Southlake Marketplace toy gifts go green this Christmas

Southlake Marketplace's annual Christmas toy drive has turned green this year with the charitable organisation swapping wrapping paper for cloth sacks handmade by community volunteers.

The charitable organisation used 3000 metres of paper to wrap toys last year and with 330 Lake Macquarie children registered to receive toys for Christmas this year, Marketplace founder Christine Mastello said it made sense to find a greener method of bundling the gifts.

"It's all about sustainability," she said. "Last year we used 300 rolls of 10m wrapping paper which just gets ripped up anyway. My sons, like a lot of people, are passionate about the environment so we wanted to find a more sustainable way of wrapping the toys this year."

Ms Mastello said she was surprised by the positive feedback she received from the community when she called for donations of quilts to create toy sacks.

In total, about 350 sacks have been made by volunteers from the community. Many of the quilts have been turned into toy sacks by residents of the Catalina retirement village in Cooranbong.

On Monday night, volunteers bundled together toys for children into the sacks. This year the toys have been donated by Munmorah United Bowling Club, Gateway Church and Goodstart Early Learning Lake Munmorah.

The toys will be handed out at Cooranbong Community Hall on Sunday as part of Southlake Marketplace's Christmas event which is open to the community to attend.

It will run 11am to 2pm and will feature jumping castles, petting zoo, pony rides, an AFL kickabout, community stalls and a visit from Santa.

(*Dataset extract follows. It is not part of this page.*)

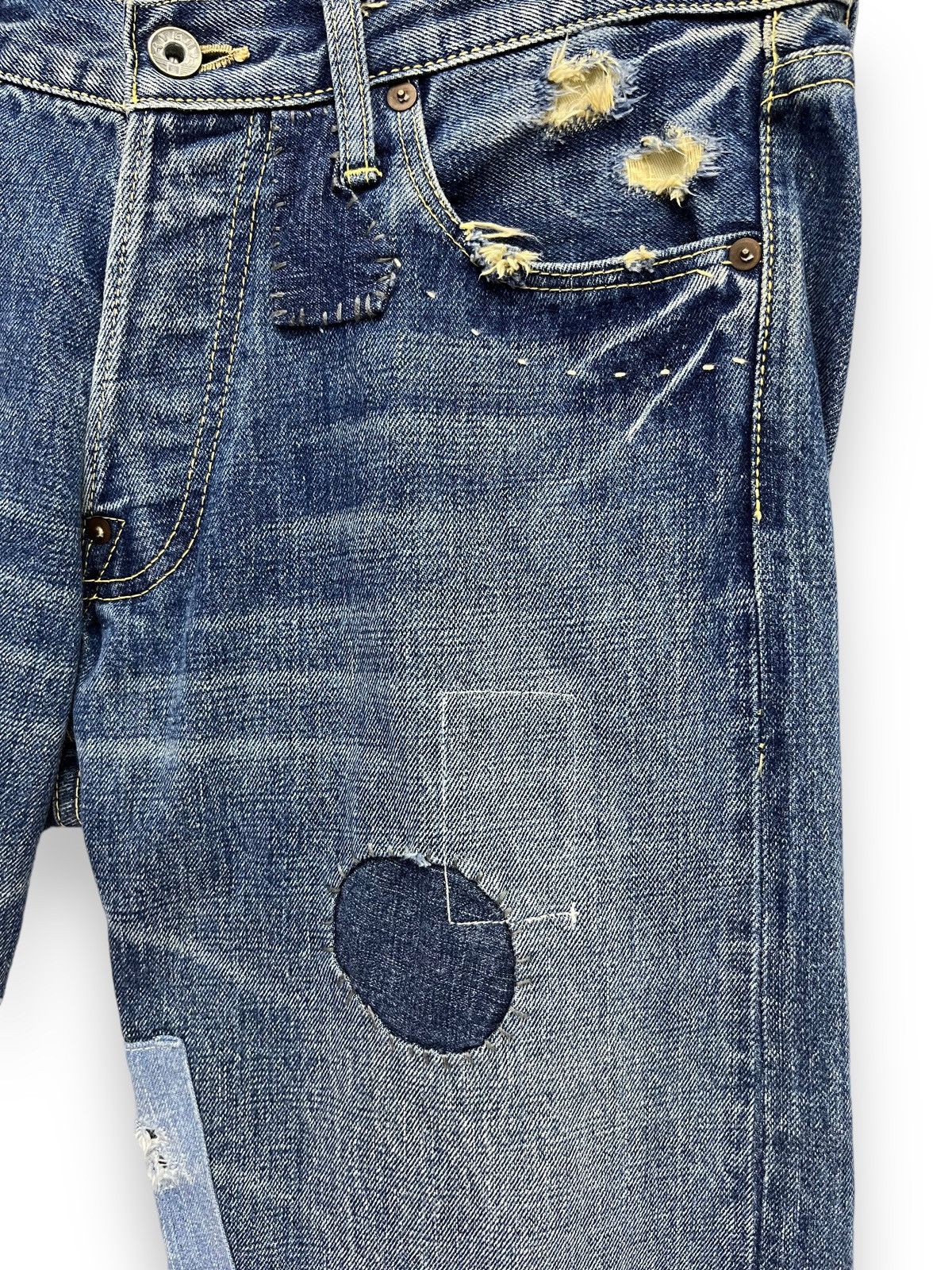 Japanese Brand 🔥Grunge Patchwork Distressed Original Selvedge Denim Japan Size US 32 / EU 48 - 7 Thumbnail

Entry is a gold coin donation.

In addition to the toys, on Sunday Southlake Marketplace will give out 312 food hampers to families and residents who have registered for assistance.

Ms Mastello said when Southlake Marketplace first began its Christmas drive in 2013 it gave out 36 toy gifts and 18 food hampers.

"As proud as I am of Southlake Marketplace, it saddens me to sit back and watch the numbers increase ever year," she said.

Ms Mastello added that of those registered to receive food hampers, 14 were homeless people - the "most I've seen", she said.

The food hampers have been created through funds raised by Lake churches including Avondale College Seventh-day Adventist and Gateway Church.

Further speaking to the increasing need for food assistance, Ms Mastello said so far this year Southlake Marketplace had given out 700 emergency food packs.

The emergency packs are filled with food donated by 11 Lake Macquarie schools which are valued at $50 each.